Airbus ProSky
- Founded: January 2011
- Key people: Eric Stefanello, Paul-Franck Bijou

= Airbus ProSky =

Airbus ProSky was an Airbus subsidiary dedicated to improving the performance of global air traffic management (ATM) prior to Airbus merging it with Airbus LUCEM and NAVTECH to form Navblue. Composed of ATM experts and offering various solutions to enhance air traffic capacity, efficiency and safety, Airbus ProSky works with air navigation service providers (ANSP), aircraft operators, airport authorities and Civil Aviation Authorities.

== History ==
Airbus ProSky was launched in January 2011 by Eric Stefanello, Senior Vice-president of ATM who became President of the company since its creation. Its first initiative was a Momorendum of Understanding with China Air Traffic Management Bureau (ATMB) in order to cooperate in ATM modernization. In July 2011, Airbus acquired Metron Aviation, Inc which became part of the Airbus ProSky group. In October 2012, Airbus announced the integration of Quovadis, its Performance Based Navigation subsidiary into Airbus ProSky. Airbus ProSky has also partnered with ATRiCS, a German-based company providing surface management solutions.

== Management team ==
In 2013, Paul-Franck Bijou became CEO of Airbus ProSky after Eric Stefanello. In 2014, he also became CEO of Metron Aviation, Inc.

== ATM Programs ==
Airbus ProSky is involved in many SESAR initiatives and has delivered several SESAR Joint Undertaking (SESAR JU) projects. These projects, co-financed by the industry and by the European Commission, have helped defining the future of ATM technology and Airbus ProSky continues to invest in such program.

== Solutions ==

=== Air Traffic Flow Management ===

Airbus ProSky commercializes the Metron "Harmony" system, an Air Traffic Flow Management and Collaborative Decision Making solution. Prior to Airbus' acquisition of Metron Aviation, Harmony was deployed in Australia and South Africa.

In South Africa, Metron Aviation's ATFM system has reduced air travel delays and helped air traffic and navigation services (ATNS), the country's ANSP, manage record traffic and passenger volumes during the 2010 World Cup. The ATNS business case to implement ATFM was successful with Harmony providing US$1.2 million in fuel savings per year for every one-minute reduction of runway holding.

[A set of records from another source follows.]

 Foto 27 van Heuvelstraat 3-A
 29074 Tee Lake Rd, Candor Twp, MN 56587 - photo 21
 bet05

The system was so effective that it was awarded the Enabling Technology Award by Jane's Airport Review.

Airservices Australia has also commissioned Metron Aviation's award-winning ATFM system, Metron Harmony, demonstrating the benefits of technology to address the capacity constraints of global air traffic growth. ATFM indeed optimizes the use of existing airport and airspace resources through a CDM solution that helps airlines and air navigation service providers (ANSPs) share operational data to maximize the efficiency of the entire system.

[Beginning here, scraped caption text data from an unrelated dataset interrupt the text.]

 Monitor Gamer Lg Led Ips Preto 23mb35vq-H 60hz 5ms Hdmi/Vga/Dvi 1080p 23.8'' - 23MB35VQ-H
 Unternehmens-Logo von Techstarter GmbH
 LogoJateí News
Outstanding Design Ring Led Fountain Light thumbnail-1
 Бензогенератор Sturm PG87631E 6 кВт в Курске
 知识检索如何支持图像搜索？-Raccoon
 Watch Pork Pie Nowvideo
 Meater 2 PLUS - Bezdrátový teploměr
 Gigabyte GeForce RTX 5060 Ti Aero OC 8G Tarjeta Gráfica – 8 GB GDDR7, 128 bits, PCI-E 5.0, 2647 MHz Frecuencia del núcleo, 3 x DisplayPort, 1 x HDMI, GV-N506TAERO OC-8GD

In Australia, after two months of operations, Airservices Australia estimates the system has cut airborne holding by approximately 33 percent and produced fuel savings of US$6.5 million in Sydney alone, while average flight times have been reduced by five minutes per flight on the Melbourne-Sydney city pair, equating to over 40,000 metric tons of reduced per year.

In February 2014, Aerocivil Colombia, the national ANSP of Colombia, awarded Airbus ProSky (Metron Aviation) for the implementation of ATFM & CDM in Colombia. During the World ATM Congress, SENEAM, the Mexican ANSP also announced the first phase of ATFM implementation thanks to Metron Harmony.

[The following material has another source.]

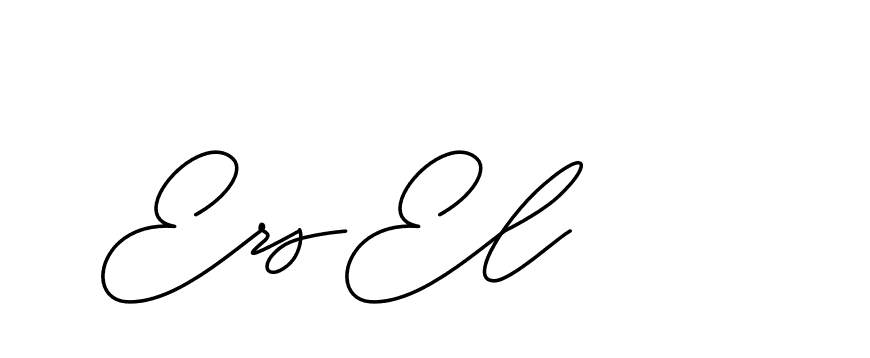 The best way (ChristineSignature-DO0P0) to make a short signature is to pick only two or three words in your name. The name Ceard include a total of six letters. For converting this name. Ceard signature style 2 images and pictures png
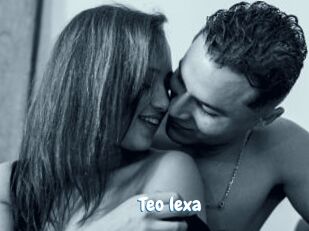 Teo_lexa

Airbus ProSky has been involved in various ATFM initiatives with major Air Traffic Management entities such as the Civil Aviation Authority of Singapore, Hong-Kong and China ATMB.

=== Performance Based Navigation ===

==== Procedures ====
Since the beginning of Quovadis that was later integrated into Airbus ProSky, 50 Performance Based Navigation (PBN) projects were delivered by Airbus ProSky. Airbus ProSky has worked in various places and continues to be very active in supporting PBN.

Since 2010, Airbus ProSky has been very active in China and has designed Required Navigation Performance (RNP) procedures in Ali, Lhassa, Bangda, Rigatse, Linzhi, Li Jiang, Liping, Kangding, Xian and many other airports.

In 2011, Airbus ProSky also worked on RNP procedures in Kathmandu, Sanya, Kochi, and started to work on Cape Town airport RNP procedures. Since then, Airbus ProSky has delivered procedures in Vagar, Abu Dhabi, San Salvador, Guatemala City, Bangdung, Riga, Lanzarote and many other airports.

==== Operational Approval ====
Airbus ProSky also assist airlines in getting operational approval for RNP or RNP AR approaches.

=== Airport Solutions ===

With ATRiCS, Airbus ProSky proposes surface Management and Airport-CDM solutions.